== Segment start ==
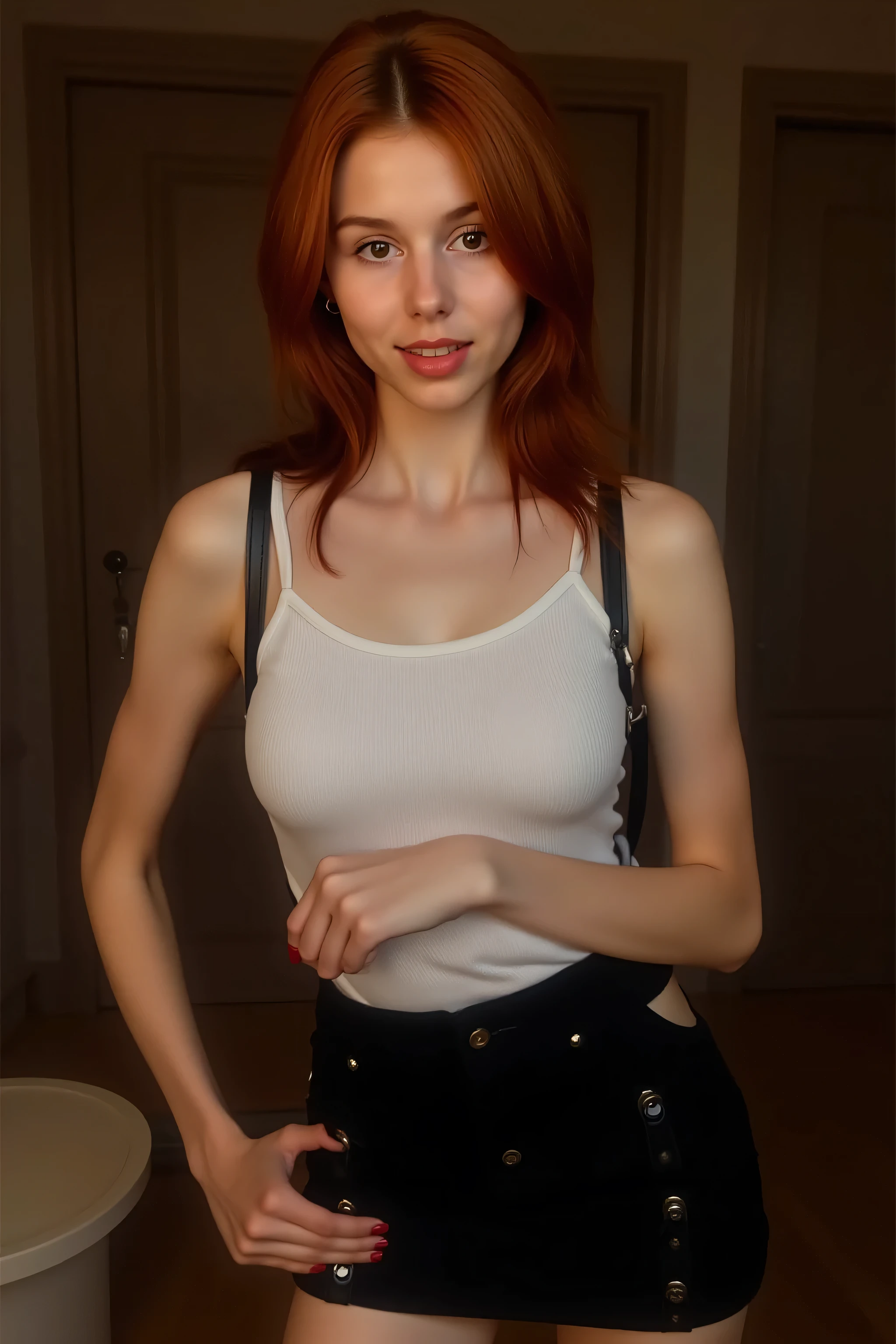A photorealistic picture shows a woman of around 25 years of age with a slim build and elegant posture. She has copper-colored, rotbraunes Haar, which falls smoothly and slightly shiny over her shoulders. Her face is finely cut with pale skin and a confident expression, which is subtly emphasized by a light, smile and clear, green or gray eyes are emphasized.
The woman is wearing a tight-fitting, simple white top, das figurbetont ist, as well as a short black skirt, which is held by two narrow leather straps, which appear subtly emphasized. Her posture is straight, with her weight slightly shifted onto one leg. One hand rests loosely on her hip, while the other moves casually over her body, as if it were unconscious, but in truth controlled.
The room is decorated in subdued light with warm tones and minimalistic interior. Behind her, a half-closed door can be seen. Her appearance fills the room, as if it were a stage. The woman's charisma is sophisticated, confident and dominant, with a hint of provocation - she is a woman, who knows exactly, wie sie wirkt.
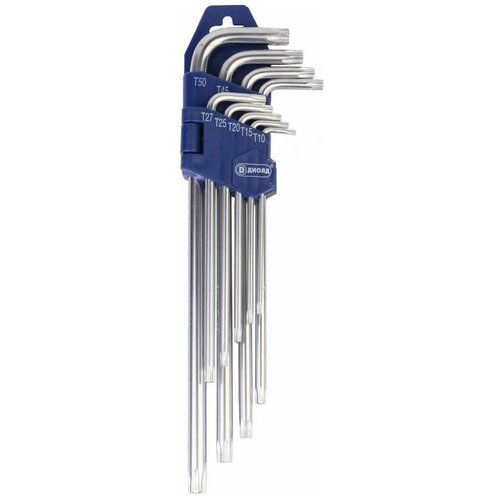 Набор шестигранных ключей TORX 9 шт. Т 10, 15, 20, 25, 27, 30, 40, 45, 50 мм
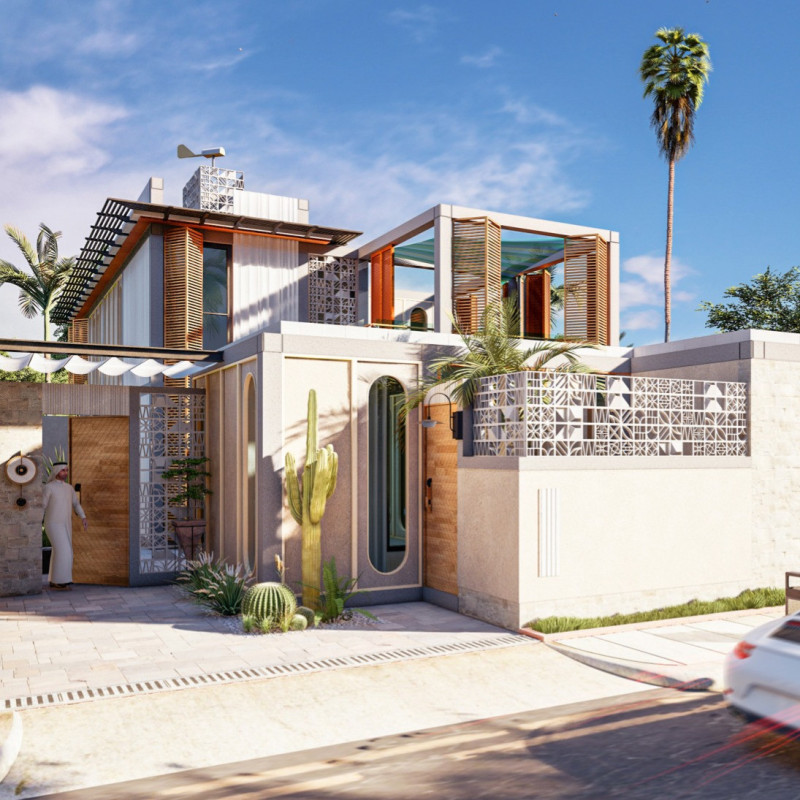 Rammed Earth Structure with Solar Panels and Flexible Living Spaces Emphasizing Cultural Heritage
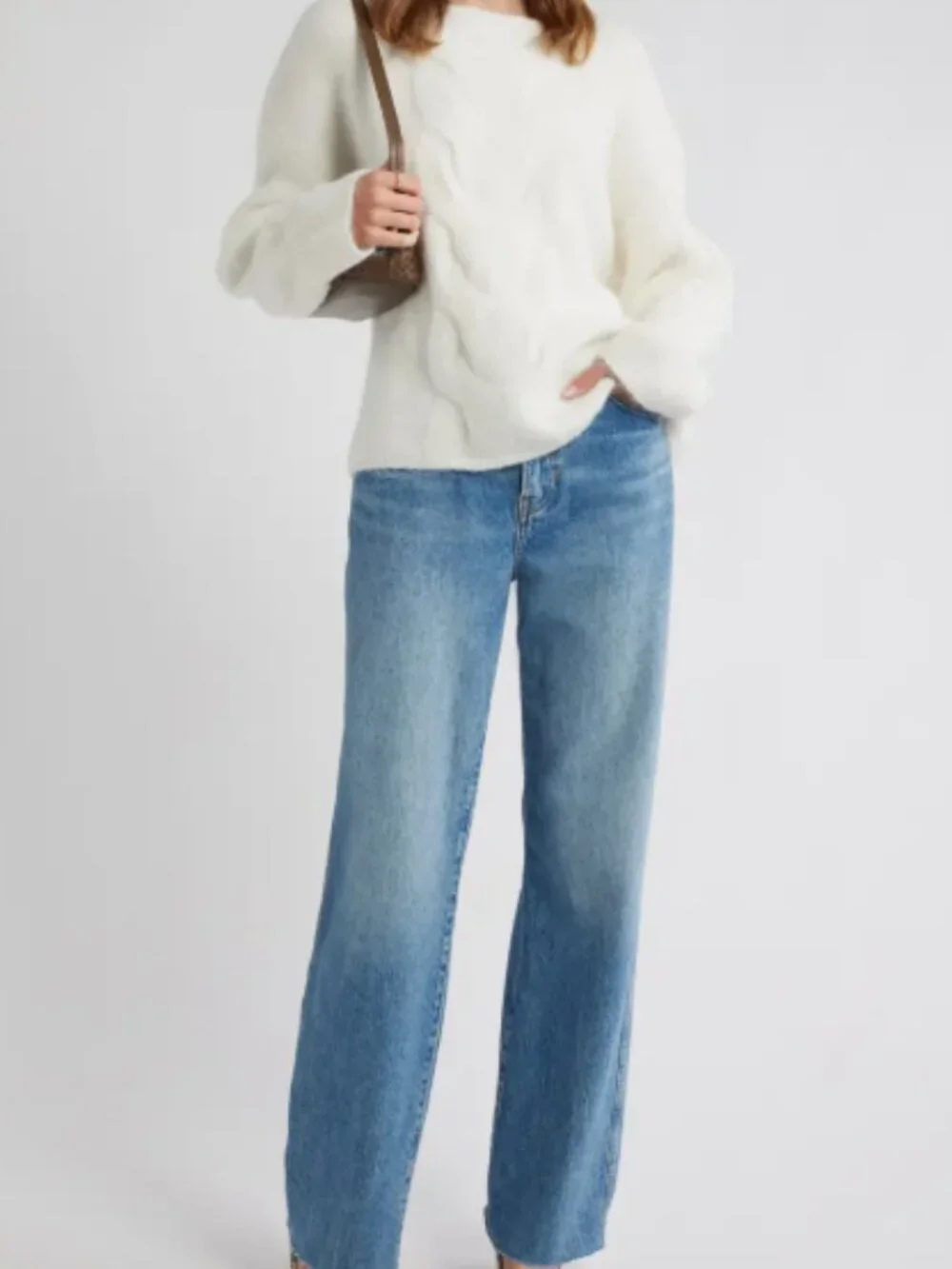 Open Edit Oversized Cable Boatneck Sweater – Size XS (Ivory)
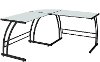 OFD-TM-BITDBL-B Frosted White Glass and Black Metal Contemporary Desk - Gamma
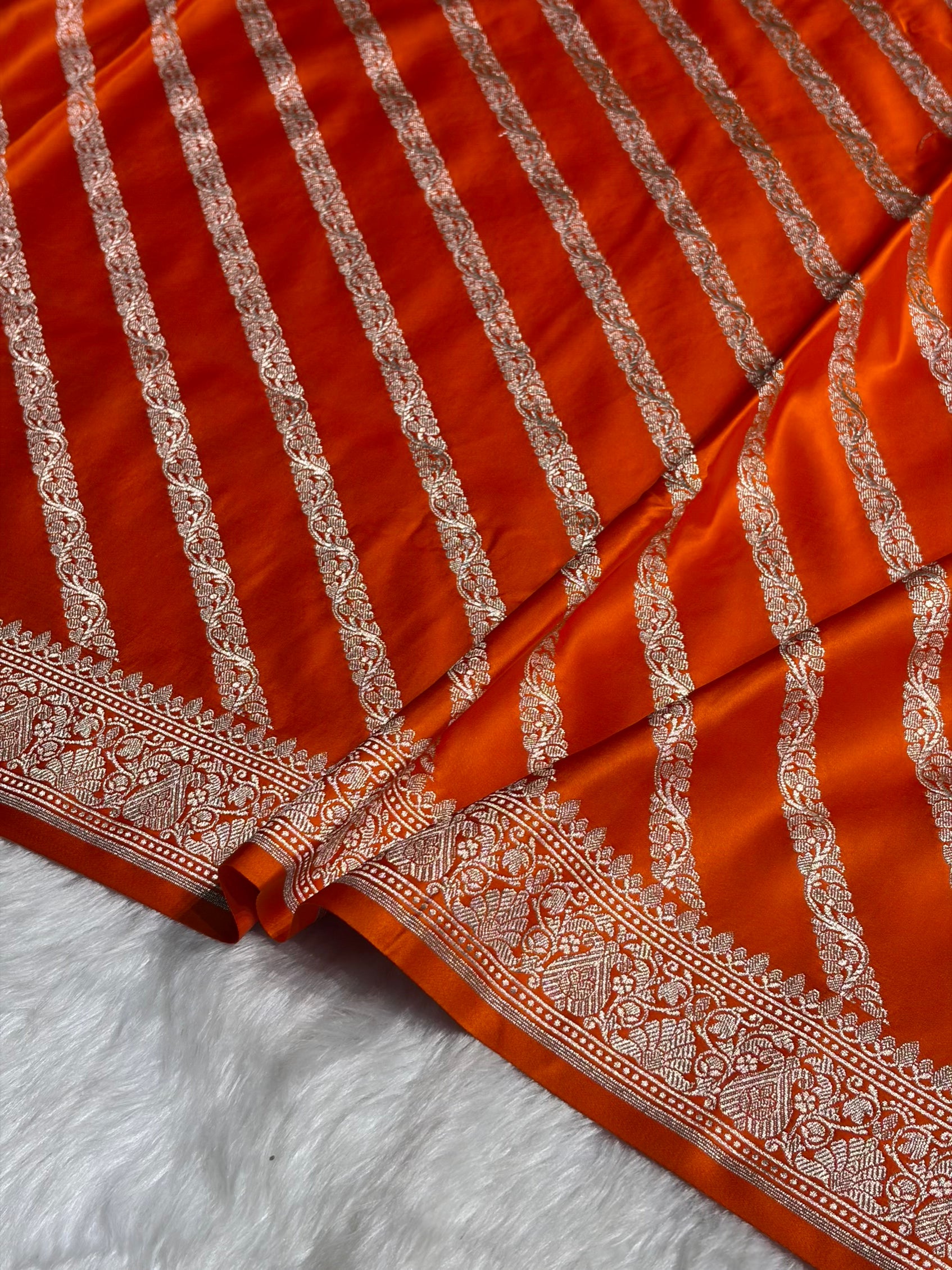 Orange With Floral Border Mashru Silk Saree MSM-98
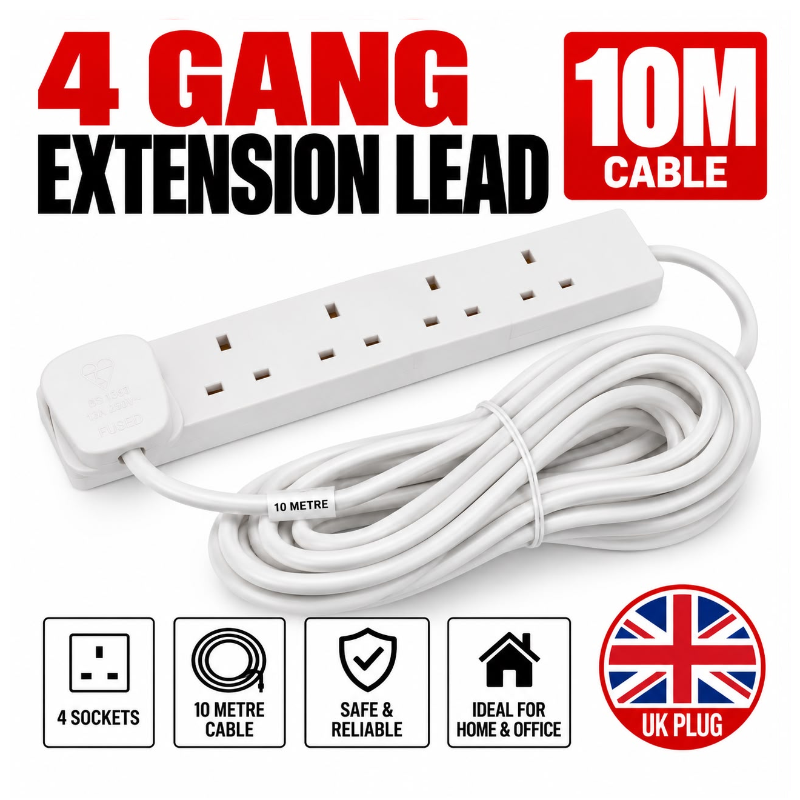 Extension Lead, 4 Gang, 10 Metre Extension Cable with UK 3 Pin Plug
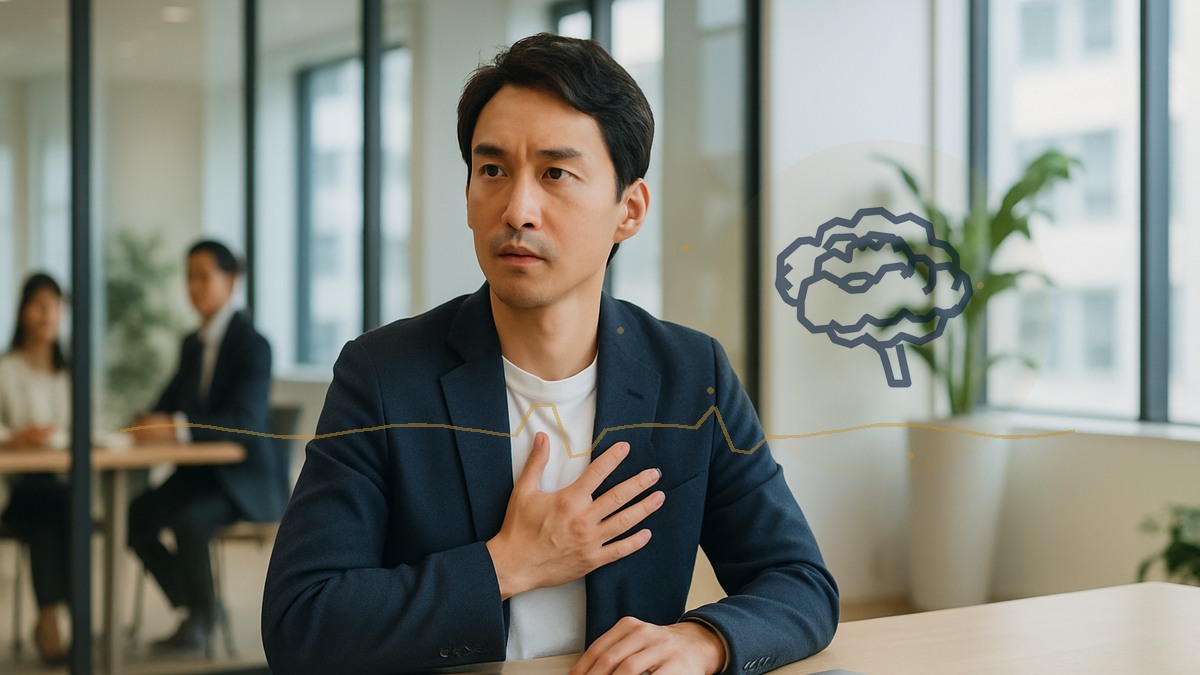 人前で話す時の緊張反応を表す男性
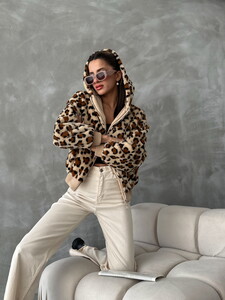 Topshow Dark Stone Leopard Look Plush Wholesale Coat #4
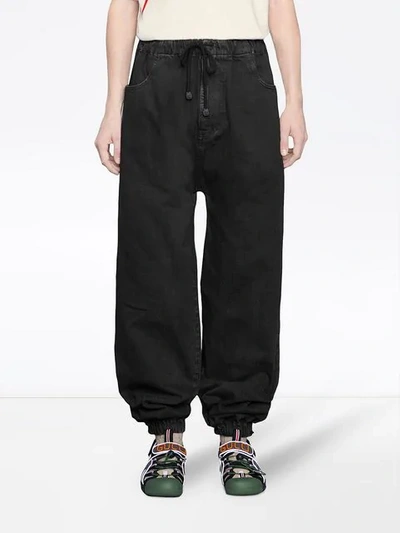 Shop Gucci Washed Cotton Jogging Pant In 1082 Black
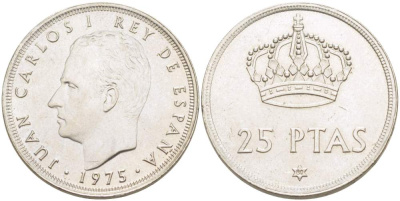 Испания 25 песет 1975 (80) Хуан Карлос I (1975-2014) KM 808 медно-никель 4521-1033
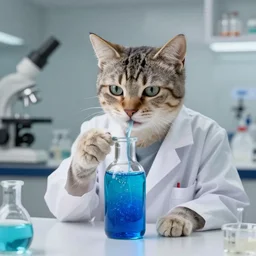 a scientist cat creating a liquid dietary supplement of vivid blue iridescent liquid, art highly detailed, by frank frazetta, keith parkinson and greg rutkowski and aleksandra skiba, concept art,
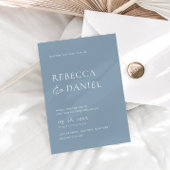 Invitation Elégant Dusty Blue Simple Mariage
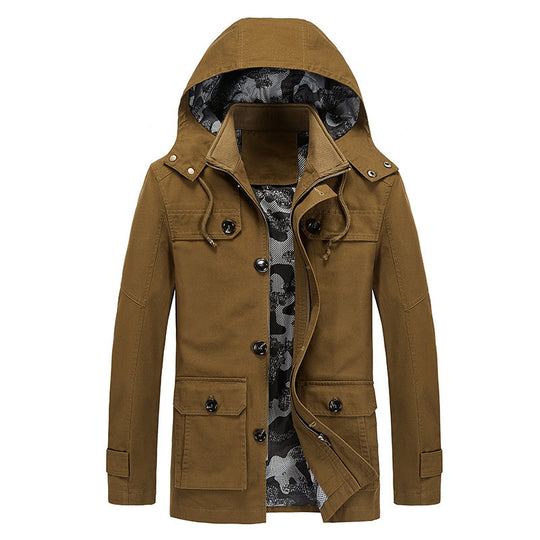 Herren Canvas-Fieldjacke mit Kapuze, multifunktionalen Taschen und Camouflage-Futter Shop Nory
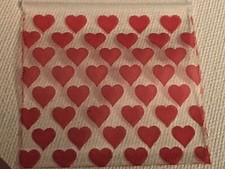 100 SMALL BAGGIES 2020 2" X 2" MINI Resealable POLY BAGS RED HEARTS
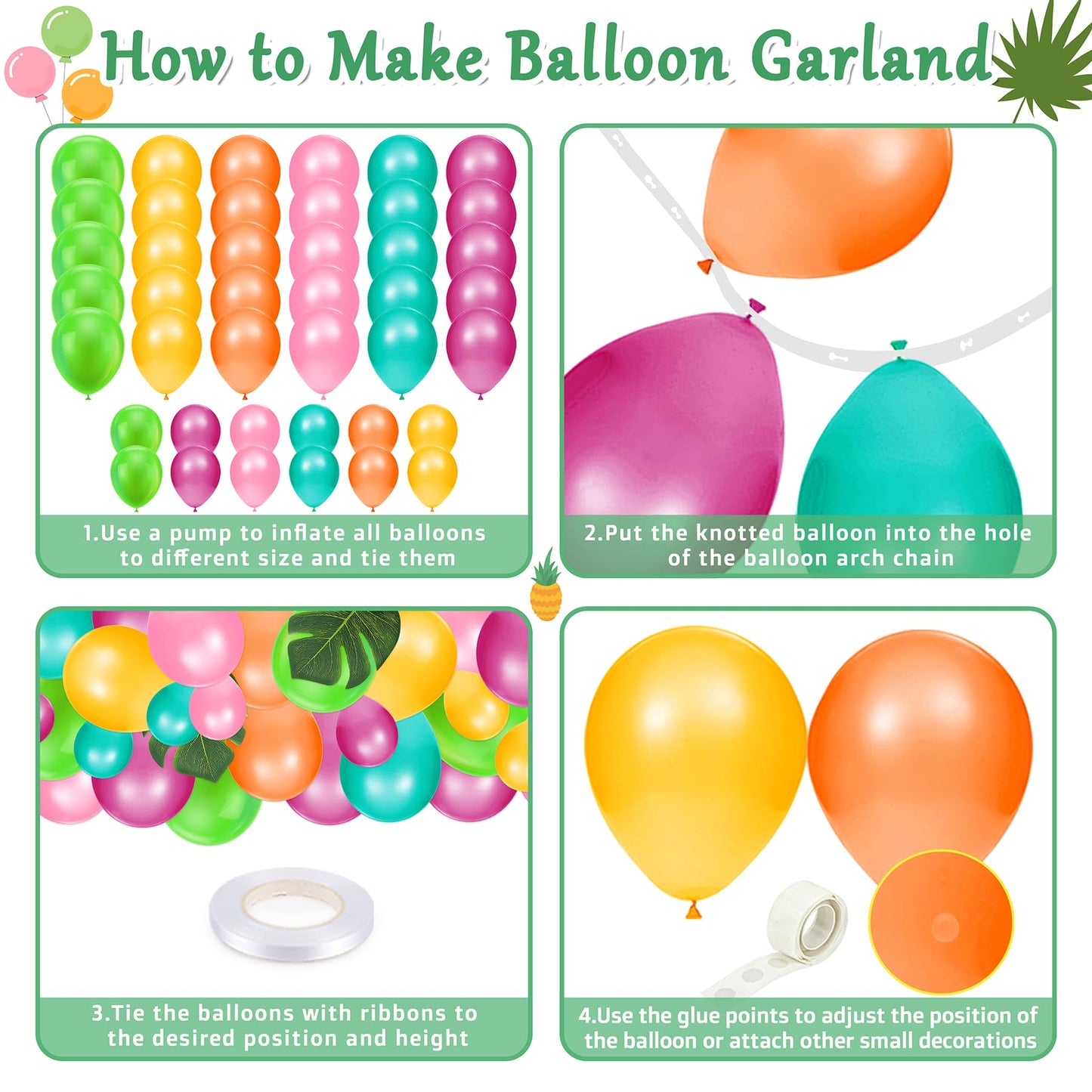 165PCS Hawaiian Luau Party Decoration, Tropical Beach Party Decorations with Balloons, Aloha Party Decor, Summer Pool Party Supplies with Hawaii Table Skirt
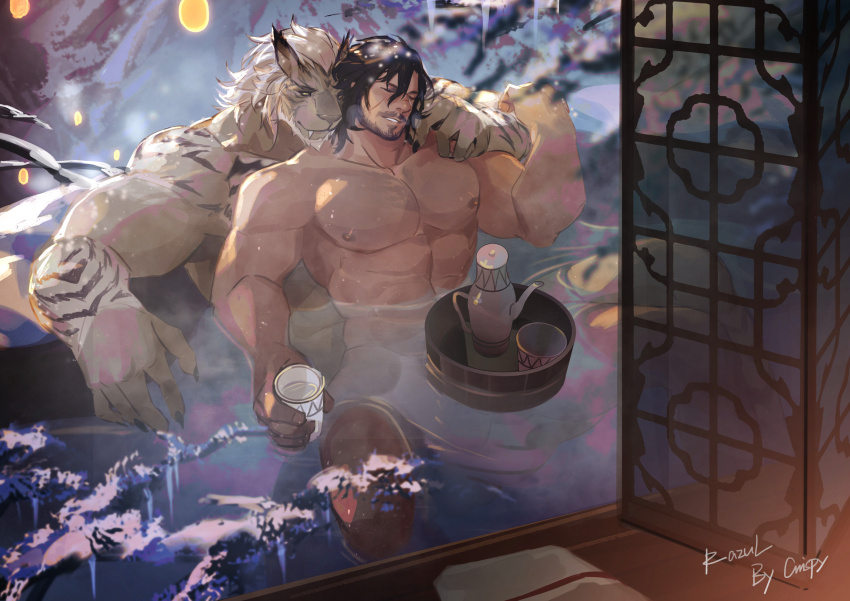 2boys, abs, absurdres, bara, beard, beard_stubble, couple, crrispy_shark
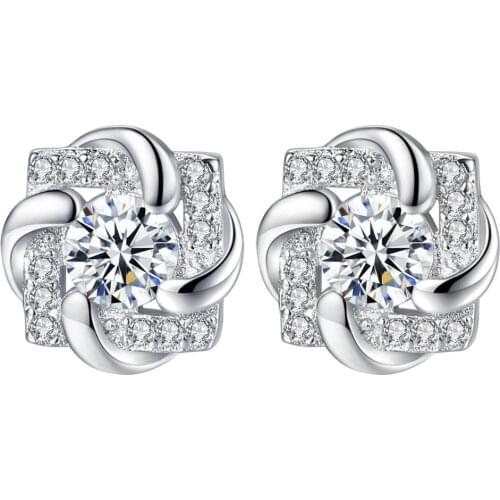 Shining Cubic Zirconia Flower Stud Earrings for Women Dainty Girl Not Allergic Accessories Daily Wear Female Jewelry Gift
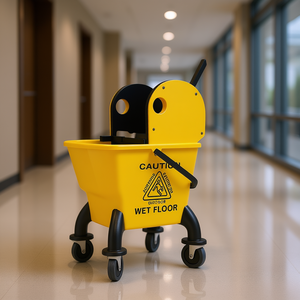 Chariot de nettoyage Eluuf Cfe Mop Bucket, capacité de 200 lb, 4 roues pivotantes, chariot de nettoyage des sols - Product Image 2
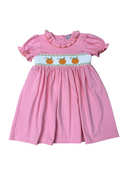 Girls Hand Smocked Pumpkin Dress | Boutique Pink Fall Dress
== Segment end ==
**Problem to work on**
Give again, exactly as written above, every line from the one holding "a scientist cat" to the one holding "Shining Cubic Zirconia", with both ends kept and the pictures left out.

**Response to the task**
 a scientist cat creating a liquid dietary supplement of vivid blue iridescent liquid, art highly detailed, by frank frazetta, keith parkinson and greg rutkowski and aleksandra skiba, concept art,
 Invitation Elégant Dusty Blue Simple Mariage
 Herren Canvas-Fieldjacke mit Kapuze, multifunktionalen Taschen und Camouflage-Futter Shop Nory
 100 SMALL BAGGIES 2020 2" X 2" MINI Resealable POLY BAGS RED HEARTS
 165PCS Hawaiian Luau Party Decoration, Tropical Beach Party Decorations with Balloons, Aloha Party Decor, Summer Pool Party Supplies with Hawaii Table Skirt
 2boys, abs, absurdres, bara, beard, beard_stubble, couple, crrispy_shark
 Shining Cubic Zirconia Flower Stud Earrings for Women Dainty Girl Not Allergic Accessories Daily Wear Female Jewelry Gift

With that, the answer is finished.